Par Yacine Merzougui
La décision du président de la République d’attribuer la médaille de l’Ordre du mérite national au rang « Athir » au moudjahid Salah Goudjil transcende la simple reconnaissance d’un parcours individuel. Elle démontre la continuité institutionnelle de l’État algérien et sa
capacité à honorer ceux qui ont consacré leur existence au service de la Nation, des maquis de la révolution aux plus hautes charges de la République.
Le geste présidentiel revêt une dimension symbolique particulière en ce qu’il salue un homme qui incarne parfaitement la synthèse entre l’engagement révolutionnaire et l’exercice démocratique du pouvoir. Salah Goudjil, qui achève son mandat à la tête du Conseil de la nation, aura marqué cette institution de son empreinte, alliant l’expérience du combattant à la sagesse du législateur. Cette distinction intervient à un moment charnière où l’Algérie s’interroge sur la transmission de ses valeurs fondatrices aux nouvelles générations. En honorant un moudjahid qui a su adapter son combat aux exigences de la construction nationale, le président Tebboune
rappelle que l’héritage révolutionnaire ne se fossilise pas dans la nostalgie mais se prolonge dans l’action quotidienne au service de l’intérêt général.
Le parcours de Salah Goudjil au sein du Conseil de la Nation témoigne de cette alchimie particulière entre mémoire et modernité.

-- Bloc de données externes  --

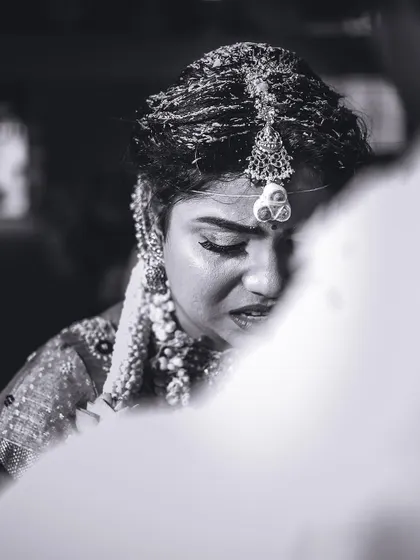An emotional close-up of the bride during a poignant moment in the ceremony. Black and white photography strips away distractions, focusing purely on the feeling.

Président de cette chambre haute du Parlement, il aura su imprimer à ses travaux la rigueur et l’intégrité qui caractérisent les hommes forgés dans l’épreuve de la guerre de libération. Sa gestion de cette institution constitutionnelle aura été marquée par un souci constant de préservation de la dignité parlementaire et de respect des procédures démocratiques. L’attribution de cette médaille « Athir » – qui signifie « illustre » en arabe – prend également une résonance particulière dans le contexte politique actuel. Elle souligne l’importance accordée par les institutions de la République à la reconnaissance du mérite et à la valorisation de l’engagement désintéressé. Dans une période où les sociétés contemporaines peinent parfois à identifier leurs modèles, l’exemple de Salah Goudjil rappelle que l’excellence dans le service public reste possible et reconnaissable. Cette distinction est inscrite dans la politique mémorielle de l’État algérien qui s’attache à préserver le lien entre les générations de l’indépendance et celles de l’Algérie contemporaine. En honorant un moudjahid qui aura servi la République dans ses plus hautes instances, le président Tebboune actualise le message révolutionnaire et lui donne une traduction institutionnelle concrète.
Le moment choisi pour cette décoration révèle aussi une certaine philosophie du pouvoir. Plutôt que d’attendre une reconnaissance posthume, l’État algérien choisit d’honorer de son vivant un homme qui aura consacré son existence au service de la patrie. Cette approche témoigne d’une maturité institutionnelle qui sait reconnaître et célébrer le mérite au moment opportun. L’exemple de Salah Goudjil interroge également sur les critères de l’excellence publique dans l’Algérie d’aujourd’hui. Son parcours démontre que la légitimité révolutionnaire, loin d’être un privilège figé, doit sans cesse se renouveler dans l’exercice quotidien des responsabilités. Cette leçon de cohérence et de persévérance mérite d’être méditée par tous ceux qui aspirent à servir la chose publique.
En décernant cette distinction, le président de la République honore non seulement un homme mais aussi une certaine idée de l’engagement citoyen. Il rappelle que la grandeur d’une nation se mesure aussi à sa capacité de reconnaissance envers ceux qui l’ont servie avec abnégation et compétence.